Plusieurs contingents de gardes mobiles et d'agents de la sureté ont été dépéchés sur les lieux. Douaniers et gendarmes surveillent activement la côte ou toutes les mesures sont prises pour la répression de tels actes.
Autre conséquence surprenante du naufrage sur la population locale
Une autre conséquence de la tragédie est la défiance d'une partie de la population envers les poissons et crustacés de la région soupçonnés par elle d'avoir été contaminés par les restes des naufragés, ce qui a des conséquences importantes, pendant meme plusieurs années, sur l'économie locale de la peche. La crainte d'épidémie a cause des cadavres amenés sur les plages affecte aussi a l'époque le tourisme.
Août 1931 - La remise à flots du Saint Philibert
Le Saint Philibert va pouvoir livrer ses secrets : il va être renfloué. Il sera alors visité par les magistrats de Nantes qui cherchent à savoir s'il disposait bien du lest réglementaire. Objectif : déterminer des responsabilités !
Après visite sanitaire et désinfection, de nouveaux cadavres sont découverts. L'épave sera mise sous scellés, puis remorquée jusqu'à la plage de Mindin. De puissantes pompes ont aspiré le sable des machines.
C'est la saison estivale et malgré l'important service d'ordre, de nombreux touristes viennent à bord de bateaux de pêche, rôder autour de l'épave.
Apres le drame, le temps de la polémique
La période, troublée sur le plan politique et social, est le terreau favorable a des polémiques et allégations malveillantes, qui éclatent des la fin des obseques, et qui d'abord locales trouvent une audience sur le plan national. Certains dans les milieux d'extreme-droite, conservateurs ou cléricaux, appuyés par une certaine presse, cherchent a discréditer les victimes, souvent socialistes ou syndicalistes. Des rumeurs parlent d'alcool, de désordres et de violences a bord. Certains ne manquerent pas de souligner, parlant alors de châtiment divin, que si les ouvriers et leurs familles avaient participé en bons catholiques aux processions de la Fete-Dieu, ce 14 juin, ils n'auraient pas péri.
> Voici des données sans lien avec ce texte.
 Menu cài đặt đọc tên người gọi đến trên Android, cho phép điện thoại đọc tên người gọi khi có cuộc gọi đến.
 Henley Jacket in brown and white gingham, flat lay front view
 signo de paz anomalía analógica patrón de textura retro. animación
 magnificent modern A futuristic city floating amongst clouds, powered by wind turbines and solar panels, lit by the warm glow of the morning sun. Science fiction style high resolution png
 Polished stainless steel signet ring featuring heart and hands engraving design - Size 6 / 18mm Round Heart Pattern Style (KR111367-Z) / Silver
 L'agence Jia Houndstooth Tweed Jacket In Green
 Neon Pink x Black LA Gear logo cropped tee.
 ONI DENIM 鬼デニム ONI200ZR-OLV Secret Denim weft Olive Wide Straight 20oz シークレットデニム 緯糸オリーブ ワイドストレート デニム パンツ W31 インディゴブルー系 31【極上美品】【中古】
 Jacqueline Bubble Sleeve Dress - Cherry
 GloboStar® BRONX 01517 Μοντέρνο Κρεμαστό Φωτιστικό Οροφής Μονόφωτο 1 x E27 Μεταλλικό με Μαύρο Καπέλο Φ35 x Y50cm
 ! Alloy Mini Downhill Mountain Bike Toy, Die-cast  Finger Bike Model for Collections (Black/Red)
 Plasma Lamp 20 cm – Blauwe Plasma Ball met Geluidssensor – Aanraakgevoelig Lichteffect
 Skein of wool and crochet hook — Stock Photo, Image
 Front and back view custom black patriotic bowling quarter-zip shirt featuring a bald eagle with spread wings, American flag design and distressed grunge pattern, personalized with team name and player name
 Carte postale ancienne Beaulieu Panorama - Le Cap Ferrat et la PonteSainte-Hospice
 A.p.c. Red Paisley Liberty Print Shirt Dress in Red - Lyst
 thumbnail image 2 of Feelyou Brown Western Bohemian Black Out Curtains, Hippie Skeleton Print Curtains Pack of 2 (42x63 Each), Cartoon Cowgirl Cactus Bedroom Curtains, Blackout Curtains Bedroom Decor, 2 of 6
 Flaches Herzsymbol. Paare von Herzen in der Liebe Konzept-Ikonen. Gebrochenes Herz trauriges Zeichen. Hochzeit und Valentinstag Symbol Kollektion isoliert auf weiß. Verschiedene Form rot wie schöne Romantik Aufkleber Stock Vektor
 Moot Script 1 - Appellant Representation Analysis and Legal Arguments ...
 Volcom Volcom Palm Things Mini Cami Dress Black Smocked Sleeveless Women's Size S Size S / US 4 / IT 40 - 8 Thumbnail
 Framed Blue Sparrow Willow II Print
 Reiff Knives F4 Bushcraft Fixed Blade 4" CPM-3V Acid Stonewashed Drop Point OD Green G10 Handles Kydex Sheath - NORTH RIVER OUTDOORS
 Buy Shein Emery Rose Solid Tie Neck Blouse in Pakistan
Un proces a lieu en 1933. Parodie de justice, les familles des victimes sont déboutées et les armateurs affranchis de toute responsabilité dans ce naufrage.
Encore plus d'infos...
Plus bas sur cette page, grâce aux articles de presse de l'époque qui ont couvert tres largement le drame, vous trouverez davantage de détails sur les circonstances et les conséquences du drame.
1936 - L'Hommage
Le 30 novembre 1936, le conseil municipal de Nantes rend hommage au victimes du naufrage en donnant le nom de < place du Saint-Philibert > a l'ancienne < place de la Paix >, située au croisement des rues Gaston-Veil et Bias, non loin du quai d'embarquement du navire4. A la suite de l'aménagement de ces voies, elle disparaitra en tant que telle puisqu'elle ne figure ni dans la base de données des voies de Nantes Métropole ni au cadastre, et aucune plaque ne la signale sur place.